Спустя два дня, 1 ноября 1944-го, Александр Клубов погиб на аэродроме Сталева Воля за Вислой. Роковым для Героя стало стечение ряда обстоятельств. У самолета, на котором он вылетел, оказалась неисправна гидросистема, не выпускались закрылки, поэтому посадка производилась на повышенной скорости. Дул сильный боковой ветер, что привело к сносу вправо от взлетно-посадочной полосы. К тому же недостаточно хорошо было подготовлено летное поле. После попадания одного из колес в мягкий грунт следуют резкое и неожиданное торможение, сильнейший удар лбом о прицел, потеря сознания летчиком, полный капот — самолет переворачивается и падает на спину.

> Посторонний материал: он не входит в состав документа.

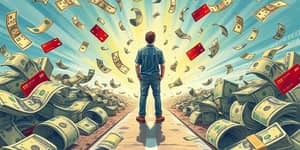 Don’t use personal loans to mask ongoing spending issues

Георгий Голубев оставил нам описание этого последнего полета: «Нам хорошо был виден самолет Клу-бова. Летчик пилотировал вдохновенно, энергично. Каскад фигур высшего пилотажа буквально лился безостановочно, непрерывно. Отпилотировав, Клубов вошел в крутую спираль и стал снижаться.

— «Весна»! Я — «сорок пятый». Разрешите посадку...

Это были последние слова, которые я слышал от моего боевого товарища в его жизни.

Дальше произошло невероятное и непредвиденное...

Под воздействием бокового ветра самолет почти незаметно стал уклоняться вправо, выкатился за пределы полосы и уже на малой скорости на глазах у всех словно бы споткнулся и скапотировал. Вначале самолет встал на нос, задрав высоко кверху хвостовое оперение, мгновение постоял, словно раздумывая, в строго вертикальном положении и как бы нехотя, медленно стал валиться на спину».